Des semaines que l’on admire presque en direct le petit Punch vivre sa vie de singe solitaire. On applaudit quand il se fait des copains, on souffre quand des grands macaques lui font la misère. Mais on voit surtout que le primate va bien, qu’il arrive à vivre sans sa maman, après avoir galéré pendant des mois et que par extension le

monde animalier peut être positif loin des terribles chiffres sur les disparitions de nombreuses espèces, « Symboliquement, l'attachement de Punch à une peluche active chez nous une compréhension intuitive : on ne s’émeut pas seulement d’un animal “mignon”, mais d’un jeune primate isolé à la recherche de sécurité et de réassurance » s'émeut Marie Sutter. Aujourd'hui l'histoire a une fin heureuse, ce qui n’est pas sans rappeler les belles histoires de notre enfance, « J’ai vu que ça y est, il était accepté par le groupe. Donc en plus cette histoire se termine bien, c’est le bonheur comme un film Walt Disney » sourit la journaliste. L’emballement autour de Punch a attiré les hommes véreux que sont Andrew et Tristan Tate, deux influenceurs poursuivis pour des affaires de viol et de traite d’êtres humains. Pour faire encore plus d’argent, ils ont proposé d’acheter le singe pour 250.000 dollars. Une offre immédiatement rejetée par le zoo qui compte bien le garder.

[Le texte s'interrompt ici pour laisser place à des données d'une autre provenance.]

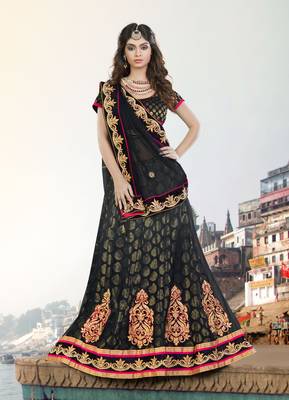 Black Embroidered Net Unstitched Lehenga 1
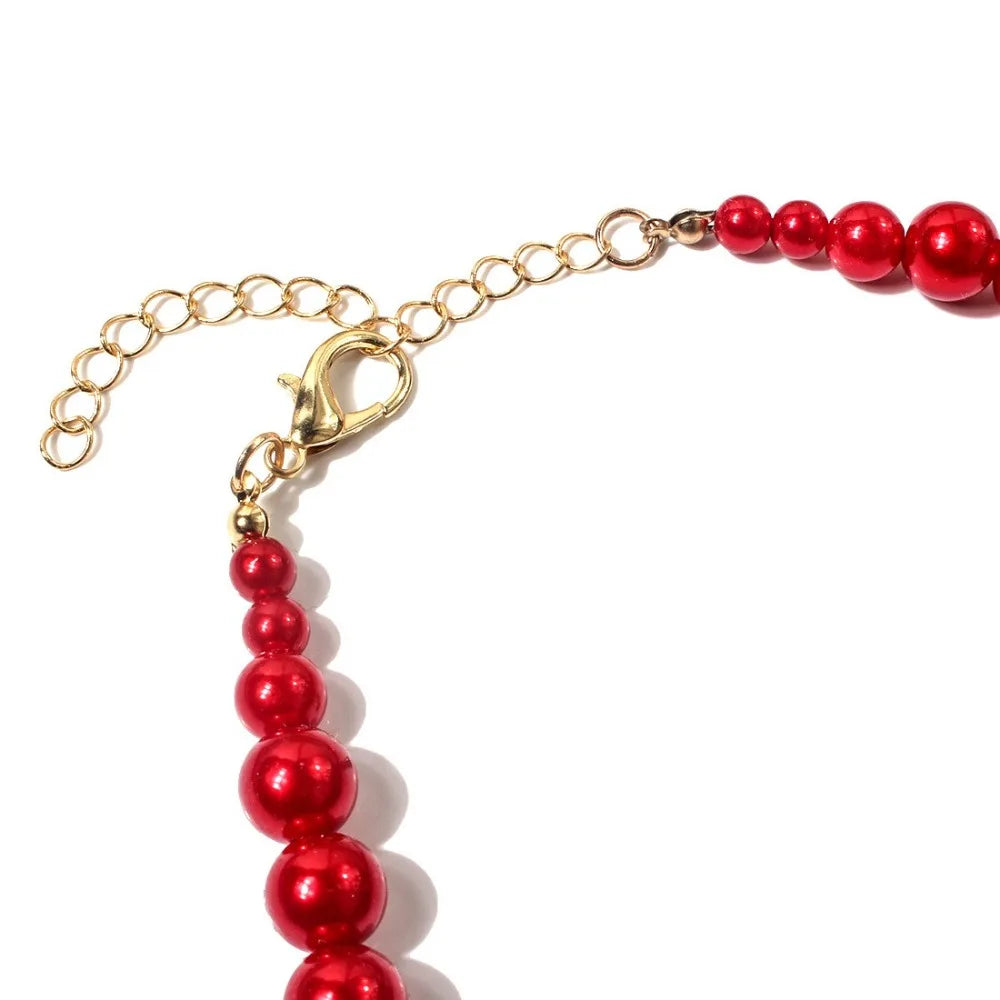 Fashion Elegant Large Pearl Necklace Set 42cm Length Round Big Ball Beads Chain Choker with Earrings Luxury Neck Jewelry Party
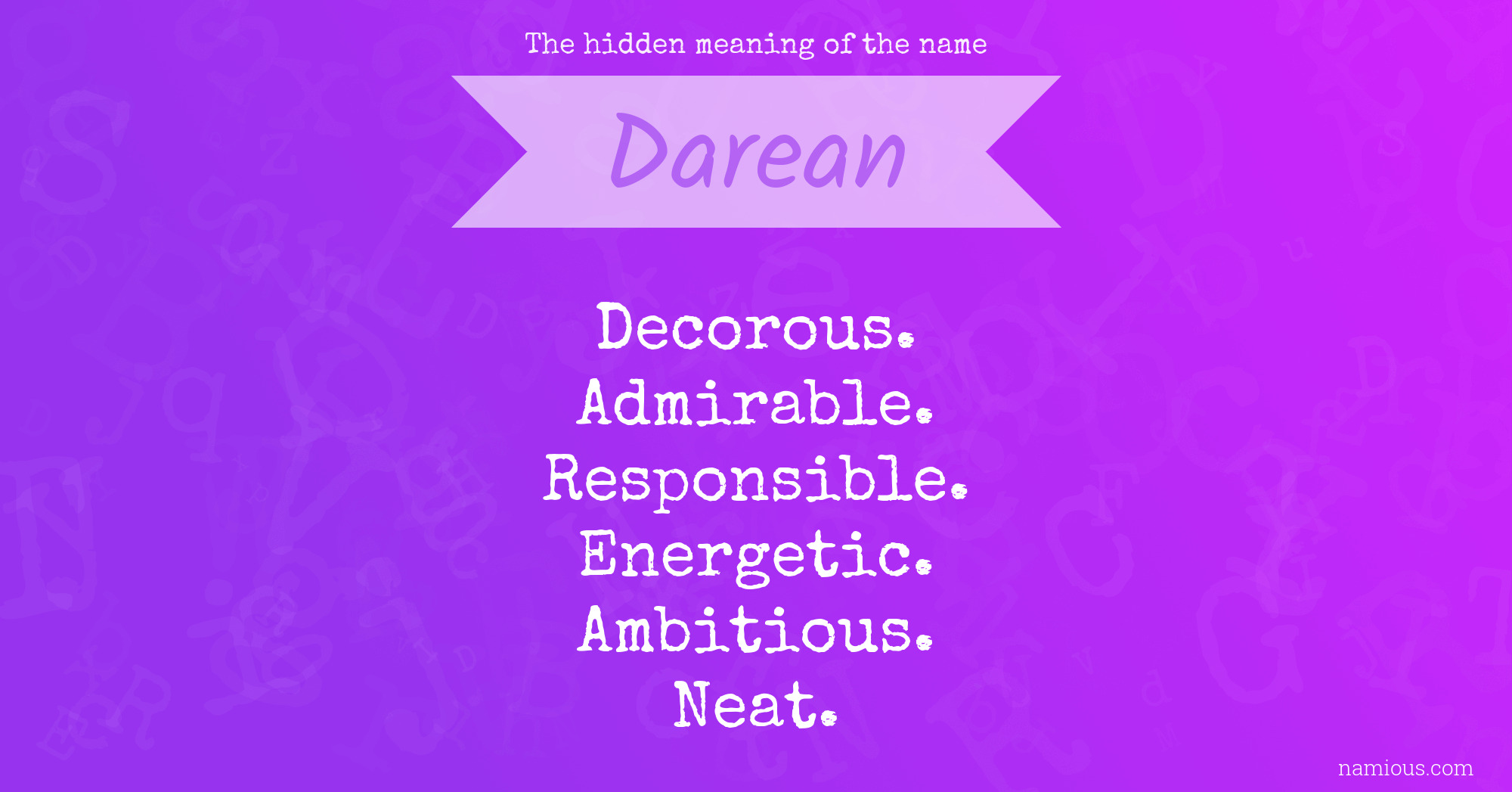 The hidden meaning of the name Darean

Faut-il condamner le zoo qui profite de la situation pour ce faire un énorme coup de pub ? Les visites ont doublé le week-end dernier, avec des gens qui viennent spécialement pour voir « le petit singe à la peluche ». Yolaine de la Bigne tempère : « Je préfère que les gens aillent dans un zoo, parce qu’au moins, c’est prévu pour ça, on peut le protéger. Si ce petit était dans une forêt quelconque, les gens se seraient précipités et auraient saccagé toute la forêt, pour essayer de le retrouver. C’est souvent ce qu’il se passe » souffle l’experte. Mine de rien, dans ce février 2026 un peu gris, voir un petit singe câliner une peluche qui ressemble à sa maman, cela fait du bien au moral et c’est déjà ça de gagné.